Há mais de vinte anos, os telejornais brasileiros eram tomados pela notícia do desaparecimento de Priscila Belfort. A repercussão desse caso e o impacto na mídia é revisitado na minissérie documental que acaba de chegar no Disney +. Volta Priscila costura detalhes de um trauma. Vista pela última vez na região central da cidade do Rio de Janeiro, onde trabalhava, muito se disse sobre o que poderia ter acontecido com ela, desde então. Foram inúmeras denúncias e atitudes questionáveis, por parte da polícia, segundo familiares da vítima, que fizeram desse mistério um luto mais severo ainda de se viver. Em 2004, os telefones celulares ainda cumpriam sua função inicial. E as câmeras de monitoramento pela cidade, não estavam no volume farto de se flagrar, nos dias de hoje. Tudo o que se sabe é essencialmente sustentado pelo o que alguém viu, ouviu e contou. Logo, desde os primeiros meses após o último dia de contato da vítima com sua família, esse caso passou a acumular relatos oriundos de diversos lugares do país. Ligações anônimas apontando o paradeiro da jovem e com quem ela estaria, inundaram a central carioca do Disque Denúncia. Os caminhos apontados como os possíveis para se elucidar o que aconteceu com Priscila passaram a ocupar um tabuleiro em que a família e os investigadores pareciam sempre voltar para trás, com o passar dos anos. Programas policialescos e de fofocas tomaram a frente na cobertura, contribuindo para mais especulações e questionamentos. E toda vez que uma resposta se desenhava mais a frente, uma reviravolta empurrava a chance de se descobrir o que de fato aconteceu. A família, amigas, jornalistas e, quem mais acompanhou esse processo de perto, depõem sobre momentos cruciais para a investigação desse caso ainda em aberto.

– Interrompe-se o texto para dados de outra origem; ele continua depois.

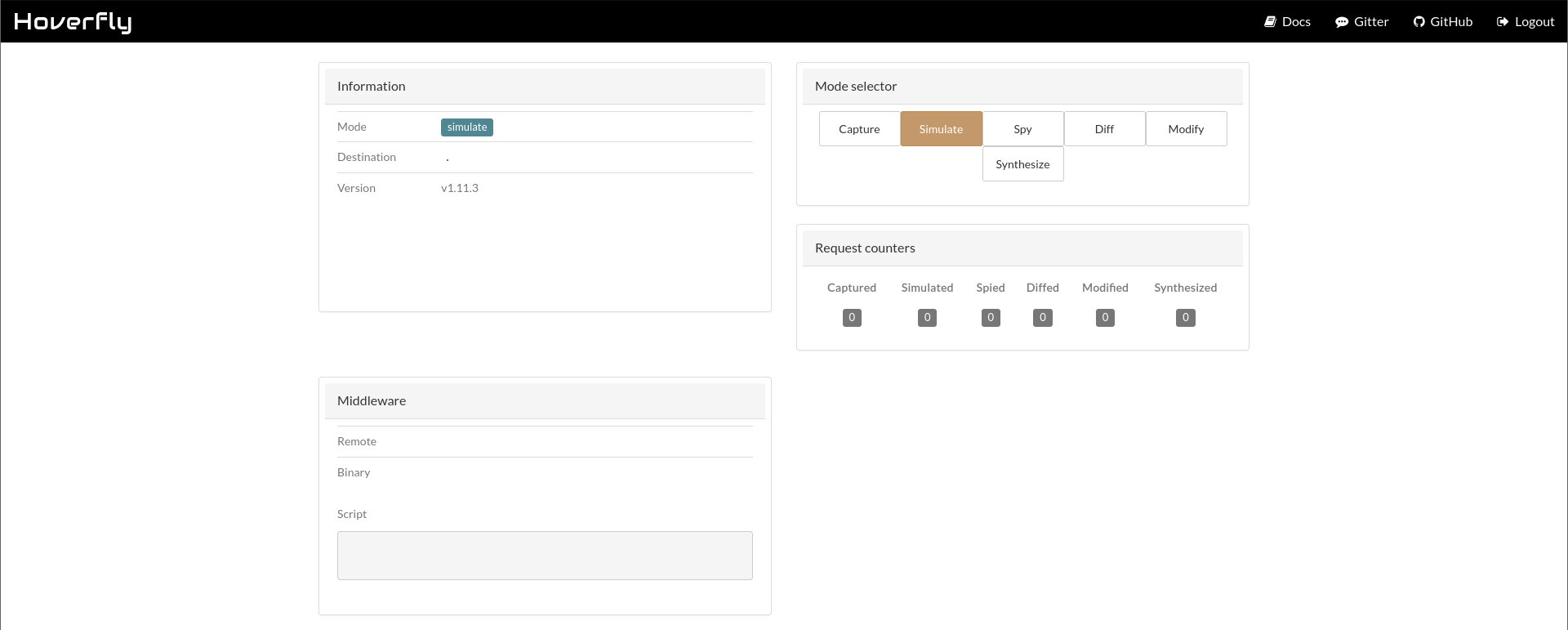 Hoverfly dashboard after authentication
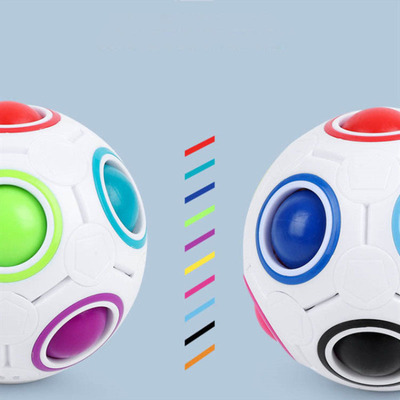2pcs Puzzles magic rainbow ball Push Pop It  Fidget toy足球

Volta Priscila é um recorte repleto de detalhes de toda a vida de uma jovem até o seu desaparecimento. Desabafos e pensamentos íntimos, escritos à mão, contam como ela estava e se sentia desde a adolescência. Suas pinturas e vídeos caseiros da família, são a chance de olhar o que ela observava à sua volta, assim como, era vista pelos mais próximos. E suas palavras, externadas num diário, contribuem para tentar entender como estava, às vésperas de seu sumiço. A infância com o irmão mais novo, o lutador de MMA Vitor Belfort e como lidou com a separação dos pais é partilhada por amigas e familiares da jovem desaparecida aos 29 anos. Seu passado é relembrado ao longo de quatro capítulos. Os meses que antecedem a fatídica data de 9 de janeiro de 2004, são revisitados como um gesto em busca de uma explicação para o que a polícia não foi capaz de esclarecer. No desabafo de sua mãe, entende-se que os vinte anos passados estão todos dentro de um único dia. O conforto que uma resposta aguardada há tanto tempo traria, segue distante. Se a universitária partiu por conta própria, se foi levada refém ou se foi assassinada, se mantém em aberto num tempo que passa sem a possibilidade de uma cicatrização para os seus familiares.